I called out, “Tom. Get out of the pool. Let’s go!”

“That’s what I thought. Fucking pussy.”

“Yeah. Suppose so.”

“What’d you say?! Hey! What’d you say to me?!”

He lunged forward, stumbled, and knocked me to my back. He tripped over my prone legs and fell on top of me, his pistol drawn and in his hand. When he put his arm out to brace his fall, the gun went off and there was silence. No one in the pool moved. Then a woman screamed.

“No! No! Oh my God no! My baby! You shot my baby! You shot my baby!” She ran to the edge of the pool and jumped in, screaming hysterically she choked on the water in attempt to find her feet, fully clothed.

The man rolled off me and to his side, looked over me to the pool where red water was mixing with blue. My legs, shoulders, and arms struggled to find purchase while a knot grew on the back of my skull. I could not see clearly but I recognized my son’s voice as he ran up to me, asking if I was ok.

The man pushed him aside, knocking him over as he found his own feet again. He started to realize what had happened, looking at his gun as though he had never seen one before.

Everyone was climbing out of the pool, save two life guards who dove in to pull the girl from the water. Even face down I could see that she didn’t have a chance, dead before she ever had a chance to drown.

The father’s kid was in shock, frozen in disbelief. His father was yelling at him to get his things. His voice rose as it was becoming apparent he intended to leave.

Two other men and one woman pulled guns from their day bags and blankets, warning him to not move. He didn’t listen, grabbed his kid, waved his gun at them and turned to run.

Two more shots were fired. The father fell to his knees. Everyone else lay flat on the concrete, the life guards holding their heads just above water at the edge of the pool, abandoning the girl’s body for their own safety.

The father turned to fire back but was hit a third time in the head. His son came alive again and screamed so loud people looked up from their prone positions, thinking he had been hit too. Tears streamed from his eyes as he ran to his father’s body, holding his bleeding, limp head in his hands.

He looked to my son Tom. I will never forget the look on his face.

 

It didn’t have to happen this way. There was no real danger and no reason for guns. But it nearly became reality, were it not for the second year vetoed by the governor of Arizona, keeping court houses, senior centers, public buildings and swimming pools free of firearms … for now.

Charles Heller, co-founder and spokesman of Arizona Citizens Defense League, said the group “expected better from someone who was rumored to be an ally of freedom.”

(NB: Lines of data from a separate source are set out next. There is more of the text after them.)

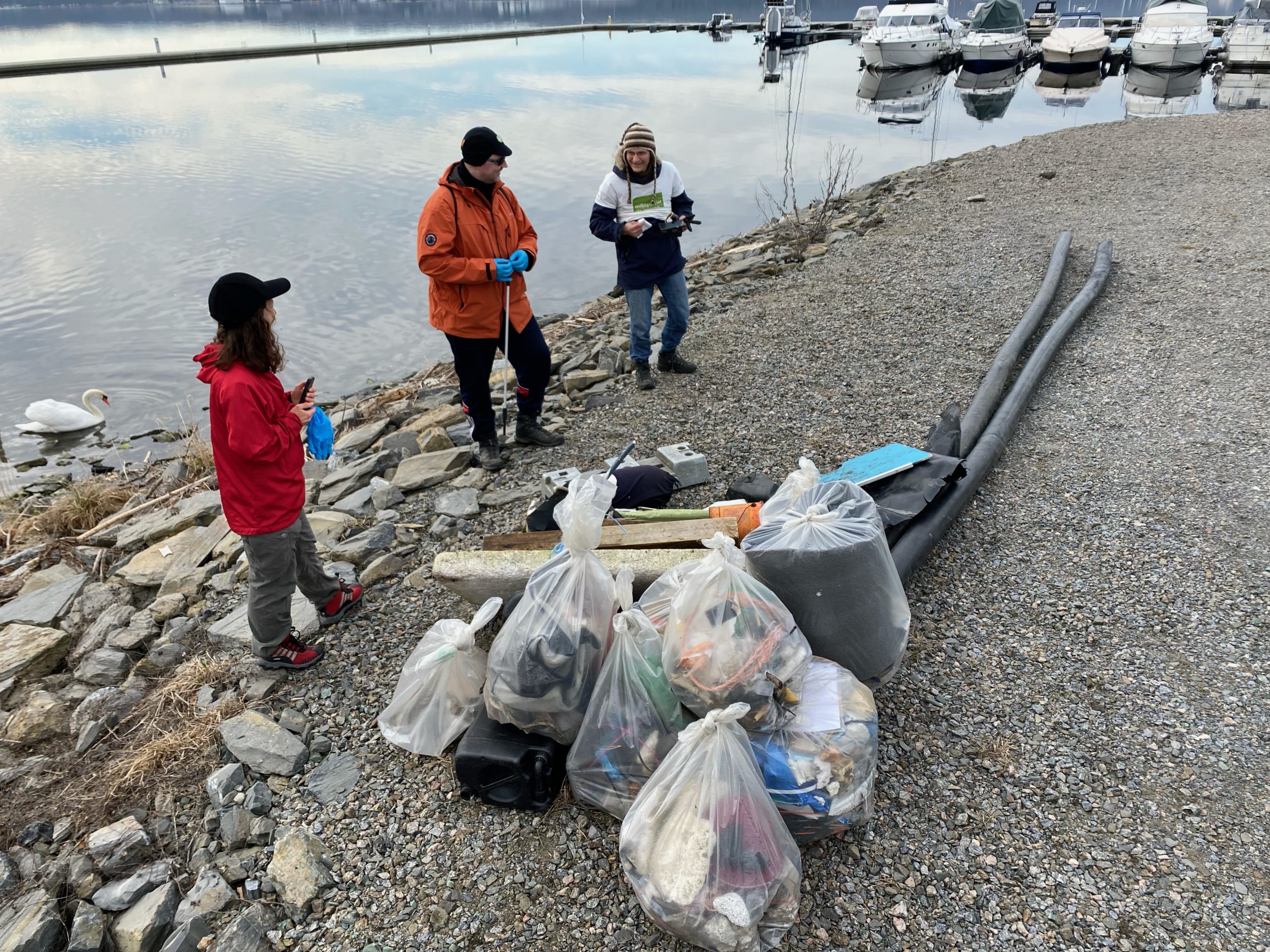Søppelfangst etter strandrydding på Herøya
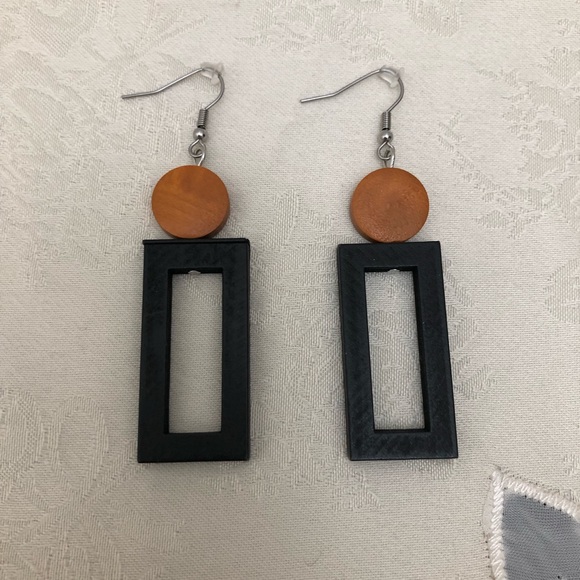 Women's Black/Light Brown African Natural Wooden Dangle Drop Earrings - Picture 2 of 6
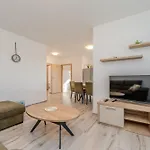 Family Friendly House With A Parking Space Ninski Stanovi, Zadar - 23619 別荘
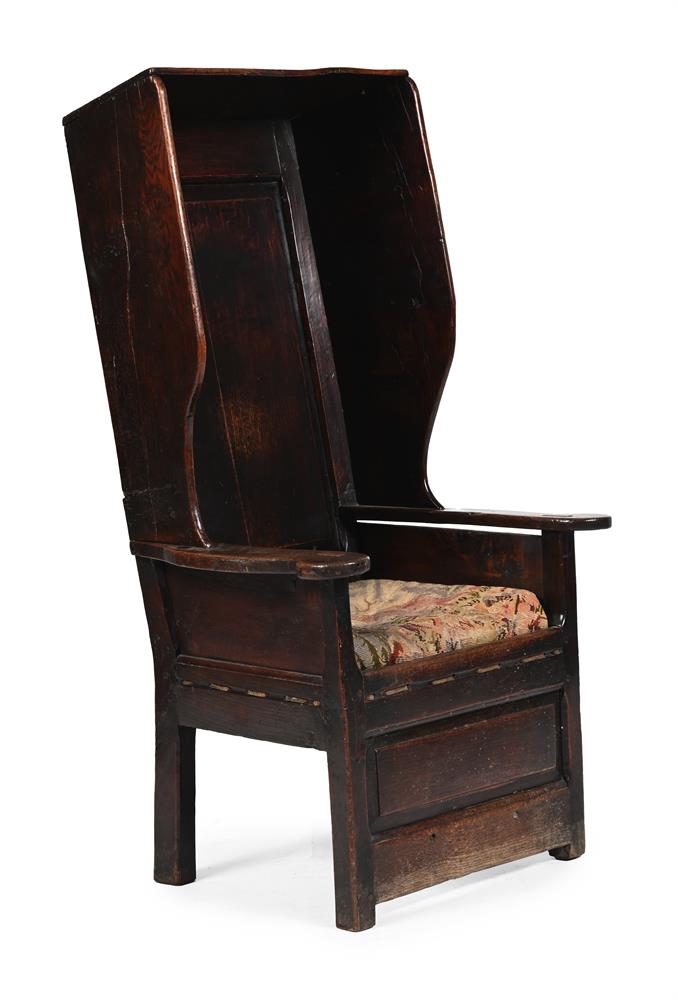 AN OAK CANOPIED LAMBING CHAIR, POSSIBLY WELSH, LATE 17TH OR EARLY 18TH CENTURY - Image 2 of 4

“We wish she would show more respect for Arizona’s constitutional provision about the right to keep and bear arms,” he told Reuters, moments after learning of the veto.

I am not against owning firearms, for hunting is a traditional means by which healthy, natural meat may be placed on the table for those families willing to work a little harder than driving their SUV to the local grocery store. If you feel the need to protect the interior of your home with a gun, it is not my place to dissuade you.

But the intent of this bill makes no sense. Nothing good can possibly come of this law. There is not a single scenario, not a single example in which everyone, anyone being allowed to bring a firearm into a public arena makes sense.

To defend the Second Amendment for the sake of defense alone is to tell the parents of the children and the children of the parents in a story not unlike that which I have imagined, that the Constitutional Right, written two hundred years ago in a very different time, is more important then the lives of those who will die.